Du confort en litière malaxée

L’aération est favorisée dans le bâtiment du Gaec de l’Enclos en Loire-Atlantique. - Illustration Du confort en litière malaxée
L’aération est favorisée dans le bâtiment du Gaec de l’Enclos en Loire-Atlantique.
Certains éleveurs optent pour des litières compostées ou malaxées, pour un gain de temps et favoriser le bien-être des vaches.

Des éleveurs disposant de bois, ayant peu de paille disponible ou ayant un projet de construction de nouveau bâtiment ont participé à l’atelier sur les litières malaxées, proposé lors des « Journées énergisantes BTPL », en décembre à Dol-de-Bretagne (35). Ce type de litière qui composte sous les animaux se développe aux USA, en Israël, mais aussi aux Pays-Bas, en Autriche, en Italie… L’objectif des éleveurs faisant ce choix est de limiter les problèmes de boiteries — plus fréquents en système logettes / lisier — qui ont des conséquences en cascade sur la reproduction, les mammites, la production… Certains espèrent aussi gagner en efficacité du travail et améliorer le bien-être et le vieillissement des vaches.

« Moins de problèmes de pattes »

En Loire-Atlantique, le Gaec de l’Enclos (4 associés, 210 ha, 160 VL traites) qui était en logettes auparavant a fait le choix d’une aire paillée avec du miscanthus pour son nouveau bâtiment. « Notre objectif était de gagner du temps, d’avoir une litière confortable et des vaches propres. C’est le cas et nous avons moins de problèmes de pattes », soulignent les associés dans un témoignage vidéo. La première année, ils ont effectué un 1er curage en août 2017, après la mise en service en janvier 2017 et des ajouts de matériaux en fin d’hiver car la litière était saturée. « Mais en 8 mois, nous n’avons eu aucun problème de cellules.
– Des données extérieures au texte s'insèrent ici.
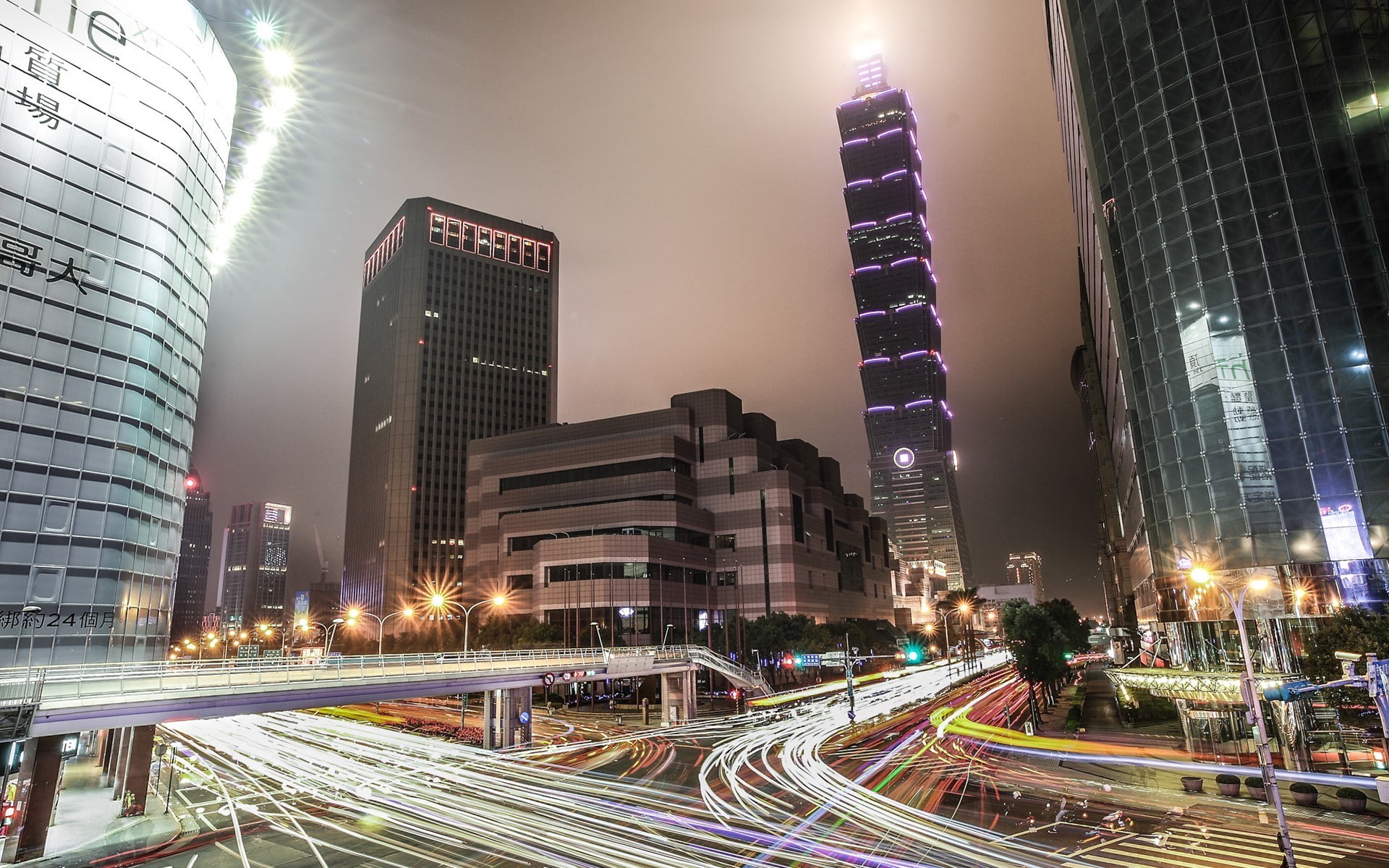 office building exterior, long exposure, transportation, road, sky, 1080P, motion, street, building exterior, light trail, horizon, built structure, financial district, HD Wallpaper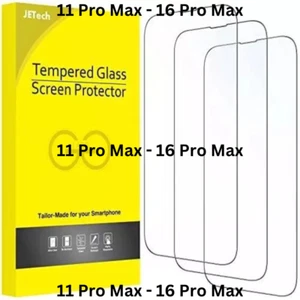 JETech Tempered Glass Screen Protector iPhone 15 14 13 12 11 Pro Max XS Xr 3Pack - Picture 1 of 6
C’est un produit qui sèche très vite avec du soleil et de l’air. »

Des matériaux sains

« L’outil de malaxage est à adapter selon le matériau et ne doit pas travailler à plus de 5 cm de profondeur pour ne pas remonter les bactéries du dessous », indique Dominique Lagel, ingénieur BTPL. Côté matériau, il doit être « sain (non contaminé ou moisi), d’origine végétale pour limiter les risques sanitaires, suffisamment sec et absorbant, peu fermentescible pour éviter les excès de température, facile à épandre et à reprendre lors du curage et pouvant être malaxé facilement avec un matériel simple. » Des menues pailles, des sciures, des plaquettes de bois, du miscanthus… peuvent être utilisés. « Certains composts végétaux sont interdits aux Pays-Bas car ils favorisent des bactéries thermorésistantes pouvant poser des problèmes dans des fabrications laitières. »

Une barrière poussante

Le bâtiment en toit d’usine a été conçu pour aérer au maximum la litière et est équipé à l’arrière d’un filet brise-vent amovible. Les associés ont aussi investi dans une barrière poussante qui envoie les vaches sur l’aire d’exercice où elles font leurs besoins (nettoyage en hydrocurage). « Ainsi, la qualité de la litière est préservée. » En hiver, les éleveurs effectuent deux passages par jour d’une herse rotative ou d’un cultivateur pour aérer la litière (un passage lorsque les vaches pâturent). « L’objectif est de curer 3 à 4 fois par an. »
Aujourd’hui, les éleveurs apportent 125 kg/VL de litière après curage, puis 62 kg/VL quinze jours après, plus des ajouts périodiques selon l’état du couchage. Pour assurer leurs stocks, ils ont implanté 9 ha de miscanthus en mai dernier.

Une diversité de systèmes

En Israël, on recommande pour les aires libres compostées une surface de 25 m2/VL, avec un curage par an et de la ventilation par brasseurs d’air. Aux USA et aux Pays-Bas, la quantité de litière est plus forte avec une surface de 12 à 15 m2/VL et un curage annuel. Ces bâtiments peuvent être équipés d’un sous-sol avec ventilation par air pulsé ou aspiré au travers de la litière pour favoriser le compostage et l’évaporation de l’humidité. En France, ce sont des systèmes demandant moins de surfaces et donc moins coûteux qui sont privilégiés (7 à 9 m2/VL) avec une ventilation naturelle. Ils nécessitent par contre un apport de litière et un malaxage réguliers et un curage lié au suivi des températures. « Si la température est supérieure à 40 °C à 10 cm de profondeur, il est recommandé d’évacuer la litière », note Dominique Lagel.